Industry bodies, while generally welcoming the need for fresh legislation on land acquisition, complain that the Land Acquisition, Rehabilitation and Resettlement Bill, 2012 passed by the Lok Sabha on Thursday will increase costs.
H.V. Harish, president of the Bangalore Chamber of Industry and Commerce (BCIC), said although the new Bill appears to be “farmer friendly,” it is “anti-growth and anti-manufacturing.”
He pointed out the new Bill proposes that at least 80 per cent of the landowners need to give their consent for a private project and in the case of projects launched in public-private partnership (PPP) mode, at least 70 per cent of the landowners need to give their consent. “This discretion should be done away with. The rules should be same for private as well projects under PPP,” Mr. Harish said.
“Although we welcome the idea that farmers ought to paid a fair price for the land they sell, we fear that it will affect growth,” he said. Referring to the provision that acquisitions made in the last five years could be reviewed with “retrospective effect”, he said it was another “worrying feature”. The BCIC represents the interests of medium and large businesses.

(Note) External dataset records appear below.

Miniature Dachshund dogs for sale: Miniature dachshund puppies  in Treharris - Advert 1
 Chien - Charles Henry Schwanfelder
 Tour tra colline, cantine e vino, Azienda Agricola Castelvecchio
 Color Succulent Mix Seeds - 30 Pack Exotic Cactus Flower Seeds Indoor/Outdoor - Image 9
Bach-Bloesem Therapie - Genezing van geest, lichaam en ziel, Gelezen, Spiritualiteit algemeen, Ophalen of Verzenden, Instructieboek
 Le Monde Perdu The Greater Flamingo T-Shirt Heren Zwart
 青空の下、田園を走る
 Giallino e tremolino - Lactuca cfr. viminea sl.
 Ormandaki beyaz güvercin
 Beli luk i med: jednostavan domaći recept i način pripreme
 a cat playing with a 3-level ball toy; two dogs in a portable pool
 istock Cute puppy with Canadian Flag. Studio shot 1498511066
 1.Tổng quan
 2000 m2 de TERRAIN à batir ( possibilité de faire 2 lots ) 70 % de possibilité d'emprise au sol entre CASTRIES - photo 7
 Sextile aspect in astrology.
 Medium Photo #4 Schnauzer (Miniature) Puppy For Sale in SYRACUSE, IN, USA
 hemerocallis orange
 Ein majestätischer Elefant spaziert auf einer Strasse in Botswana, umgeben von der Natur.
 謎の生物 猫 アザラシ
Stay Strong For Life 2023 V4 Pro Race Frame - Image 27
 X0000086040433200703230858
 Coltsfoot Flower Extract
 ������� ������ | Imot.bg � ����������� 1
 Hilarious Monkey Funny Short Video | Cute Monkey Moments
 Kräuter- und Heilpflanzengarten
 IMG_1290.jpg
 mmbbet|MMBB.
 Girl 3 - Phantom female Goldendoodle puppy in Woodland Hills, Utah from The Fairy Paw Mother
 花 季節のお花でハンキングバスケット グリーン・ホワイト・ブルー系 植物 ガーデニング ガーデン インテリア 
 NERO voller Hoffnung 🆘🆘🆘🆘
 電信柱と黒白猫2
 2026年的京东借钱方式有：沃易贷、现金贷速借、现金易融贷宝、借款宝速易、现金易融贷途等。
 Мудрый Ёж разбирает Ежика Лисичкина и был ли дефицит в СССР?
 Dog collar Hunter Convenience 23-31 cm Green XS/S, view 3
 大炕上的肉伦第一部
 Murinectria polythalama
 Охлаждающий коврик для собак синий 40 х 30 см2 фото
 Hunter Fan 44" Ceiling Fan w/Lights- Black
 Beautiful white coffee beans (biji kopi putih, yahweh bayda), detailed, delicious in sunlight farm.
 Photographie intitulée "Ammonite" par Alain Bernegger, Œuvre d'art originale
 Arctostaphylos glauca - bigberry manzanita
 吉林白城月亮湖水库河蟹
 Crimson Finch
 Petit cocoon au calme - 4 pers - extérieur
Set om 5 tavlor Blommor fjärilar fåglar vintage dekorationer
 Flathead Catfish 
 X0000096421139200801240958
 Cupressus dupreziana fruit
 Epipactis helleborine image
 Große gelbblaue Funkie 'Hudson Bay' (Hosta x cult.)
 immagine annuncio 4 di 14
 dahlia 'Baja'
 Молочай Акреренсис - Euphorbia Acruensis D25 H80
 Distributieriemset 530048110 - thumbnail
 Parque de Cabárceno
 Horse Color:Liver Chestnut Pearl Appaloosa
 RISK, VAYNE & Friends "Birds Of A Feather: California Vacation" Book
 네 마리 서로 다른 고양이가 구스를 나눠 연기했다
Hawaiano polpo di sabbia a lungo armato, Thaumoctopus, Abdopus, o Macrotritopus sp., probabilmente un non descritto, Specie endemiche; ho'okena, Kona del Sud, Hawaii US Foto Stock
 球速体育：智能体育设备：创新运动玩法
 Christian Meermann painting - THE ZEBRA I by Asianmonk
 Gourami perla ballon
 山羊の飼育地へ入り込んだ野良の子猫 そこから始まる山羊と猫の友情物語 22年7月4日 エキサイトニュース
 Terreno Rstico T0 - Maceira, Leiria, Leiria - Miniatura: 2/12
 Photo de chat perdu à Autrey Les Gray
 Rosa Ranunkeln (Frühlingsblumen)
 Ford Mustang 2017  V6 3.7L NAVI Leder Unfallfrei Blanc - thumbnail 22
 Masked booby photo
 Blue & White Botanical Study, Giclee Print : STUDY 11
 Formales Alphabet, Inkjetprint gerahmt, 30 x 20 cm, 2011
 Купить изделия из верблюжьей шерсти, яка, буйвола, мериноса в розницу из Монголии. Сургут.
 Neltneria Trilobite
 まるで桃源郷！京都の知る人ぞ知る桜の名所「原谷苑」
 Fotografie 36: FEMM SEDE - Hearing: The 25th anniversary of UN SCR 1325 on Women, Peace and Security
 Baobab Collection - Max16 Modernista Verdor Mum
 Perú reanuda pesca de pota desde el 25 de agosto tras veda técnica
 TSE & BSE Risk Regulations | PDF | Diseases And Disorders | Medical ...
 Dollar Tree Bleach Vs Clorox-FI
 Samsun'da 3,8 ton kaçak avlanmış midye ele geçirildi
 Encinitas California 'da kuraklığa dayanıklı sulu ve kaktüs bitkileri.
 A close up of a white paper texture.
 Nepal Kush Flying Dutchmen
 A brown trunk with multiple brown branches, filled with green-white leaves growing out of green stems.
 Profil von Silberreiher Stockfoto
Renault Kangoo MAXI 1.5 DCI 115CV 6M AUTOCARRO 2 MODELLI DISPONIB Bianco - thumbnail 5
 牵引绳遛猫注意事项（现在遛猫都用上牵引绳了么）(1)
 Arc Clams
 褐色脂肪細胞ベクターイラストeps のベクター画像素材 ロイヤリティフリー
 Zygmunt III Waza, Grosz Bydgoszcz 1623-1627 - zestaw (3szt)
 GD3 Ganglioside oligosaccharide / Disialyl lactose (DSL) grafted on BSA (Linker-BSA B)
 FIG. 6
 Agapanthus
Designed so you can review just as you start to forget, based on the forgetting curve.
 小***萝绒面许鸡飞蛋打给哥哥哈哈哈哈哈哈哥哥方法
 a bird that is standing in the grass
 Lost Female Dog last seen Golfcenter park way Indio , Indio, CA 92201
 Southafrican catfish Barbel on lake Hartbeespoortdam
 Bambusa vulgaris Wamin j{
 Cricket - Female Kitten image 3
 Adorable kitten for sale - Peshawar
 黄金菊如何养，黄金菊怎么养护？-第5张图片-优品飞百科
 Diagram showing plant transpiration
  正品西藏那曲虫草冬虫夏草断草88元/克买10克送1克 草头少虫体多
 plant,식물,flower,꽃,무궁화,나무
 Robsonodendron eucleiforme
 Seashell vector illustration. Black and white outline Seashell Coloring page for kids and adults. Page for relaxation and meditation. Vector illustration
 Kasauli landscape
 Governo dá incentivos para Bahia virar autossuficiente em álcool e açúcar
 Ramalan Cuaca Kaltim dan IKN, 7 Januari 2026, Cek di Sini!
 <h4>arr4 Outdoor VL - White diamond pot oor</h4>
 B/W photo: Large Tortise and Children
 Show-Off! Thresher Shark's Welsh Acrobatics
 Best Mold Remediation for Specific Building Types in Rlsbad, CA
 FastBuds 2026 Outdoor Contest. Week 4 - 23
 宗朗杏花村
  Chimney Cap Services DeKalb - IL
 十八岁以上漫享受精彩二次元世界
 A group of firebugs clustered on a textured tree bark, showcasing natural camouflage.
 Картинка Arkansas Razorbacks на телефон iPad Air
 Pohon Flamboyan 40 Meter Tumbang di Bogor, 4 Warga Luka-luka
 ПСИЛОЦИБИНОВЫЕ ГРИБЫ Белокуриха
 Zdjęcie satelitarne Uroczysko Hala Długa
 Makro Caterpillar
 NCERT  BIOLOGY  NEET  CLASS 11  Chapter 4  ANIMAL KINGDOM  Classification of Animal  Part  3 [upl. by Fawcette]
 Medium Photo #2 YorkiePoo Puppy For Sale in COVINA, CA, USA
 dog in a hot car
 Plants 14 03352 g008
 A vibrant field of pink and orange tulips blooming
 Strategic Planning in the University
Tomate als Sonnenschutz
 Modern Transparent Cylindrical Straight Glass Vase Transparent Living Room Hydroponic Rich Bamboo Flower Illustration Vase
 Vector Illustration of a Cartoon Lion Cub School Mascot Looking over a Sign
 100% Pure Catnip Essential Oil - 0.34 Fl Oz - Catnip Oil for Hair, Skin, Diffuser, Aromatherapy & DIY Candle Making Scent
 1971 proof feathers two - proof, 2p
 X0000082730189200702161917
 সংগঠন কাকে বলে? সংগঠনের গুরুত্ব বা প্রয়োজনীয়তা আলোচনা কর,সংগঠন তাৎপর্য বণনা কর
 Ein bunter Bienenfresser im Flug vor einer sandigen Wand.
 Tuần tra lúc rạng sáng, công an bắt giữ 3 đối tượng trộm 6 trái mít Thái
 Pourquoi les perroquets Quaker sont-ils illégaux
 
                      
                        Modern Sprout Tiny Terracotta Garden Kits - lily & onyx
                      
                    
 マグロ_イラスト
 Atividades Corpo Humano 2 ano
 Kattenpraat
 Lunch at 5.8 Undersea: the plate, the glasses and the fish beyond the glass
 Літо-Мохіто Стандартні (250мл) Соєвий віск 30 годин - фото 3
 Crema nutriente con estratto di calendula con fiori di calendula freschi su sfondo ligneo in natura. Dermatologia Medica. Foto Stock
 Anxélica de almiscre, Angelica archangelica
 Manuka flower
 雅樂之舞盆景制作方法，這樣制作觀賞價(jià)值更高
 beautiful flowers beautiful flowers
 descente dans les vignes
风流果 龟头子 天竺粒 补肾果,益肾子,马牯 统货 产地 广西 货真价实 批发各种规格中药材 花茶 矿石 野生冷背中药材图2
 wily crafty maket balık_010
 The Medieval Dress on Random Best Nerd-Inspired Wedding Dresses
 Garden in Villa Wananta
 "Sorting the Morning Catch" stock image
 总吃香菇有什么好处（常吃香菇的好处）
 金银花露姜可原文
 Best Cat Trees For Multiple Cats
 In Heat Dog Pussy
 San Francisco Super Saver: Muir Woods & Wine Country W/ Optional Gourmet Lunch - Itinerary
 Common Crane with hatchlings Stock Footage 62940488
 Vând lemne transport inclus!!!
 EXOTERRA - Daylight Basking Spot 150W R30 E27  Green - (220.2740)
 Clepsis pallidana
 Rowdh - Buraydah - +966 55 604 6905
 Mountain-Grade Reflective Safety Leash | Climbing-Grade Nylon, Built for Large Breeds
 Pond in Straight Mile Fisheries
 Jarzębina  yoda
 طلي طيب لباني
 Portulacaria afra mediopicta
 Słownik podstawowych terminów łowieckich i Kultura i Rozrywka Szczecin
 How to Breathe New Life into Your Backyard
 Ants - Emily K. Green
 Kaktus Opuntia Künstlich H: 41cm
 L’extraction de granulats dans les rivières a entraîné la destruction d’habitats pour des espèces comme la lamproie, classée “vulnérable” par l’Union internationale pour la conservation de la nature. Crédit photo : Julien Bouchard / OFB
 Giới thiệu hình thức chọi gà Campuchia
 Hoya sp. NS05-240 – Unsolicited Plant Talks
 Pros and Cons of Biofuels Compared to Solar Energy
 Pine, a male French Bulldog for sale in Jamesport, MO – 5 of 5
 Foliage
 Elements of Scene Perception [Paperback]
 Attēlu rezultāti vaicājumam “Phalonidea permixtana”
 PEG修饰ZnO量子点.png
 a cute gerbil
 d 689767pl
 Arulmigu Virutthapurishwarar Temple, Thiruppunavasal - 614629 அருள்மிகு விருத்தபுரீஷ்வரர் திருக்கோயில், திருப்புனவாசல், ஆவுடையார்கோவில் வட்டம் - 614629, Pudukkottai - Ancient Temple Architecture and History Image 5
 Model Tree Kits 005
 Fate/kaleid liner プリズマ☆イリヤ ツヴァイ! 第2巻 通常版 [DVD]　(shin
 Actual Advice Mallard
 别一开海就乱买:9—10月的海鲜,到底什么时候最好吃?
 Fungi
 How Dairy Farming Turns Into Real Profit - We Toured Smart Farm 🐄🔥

The Federation of Karnataka Chambers of Commerce and Industry (FKCCI), which represents the interests of smaller business entities in the State, fears that the proposed legislation will not only increase the cost of setting up businesses but also lead to diversion of fertile agricultural land for business activity. “The cost of establishing a new industrial unit will increase by 300–400 per cent,” said R. Shivakumar, president of the FKCCI. “The new provisions may also affect productivity in agriculture because of the diversion of fertile land to industry,” he contended.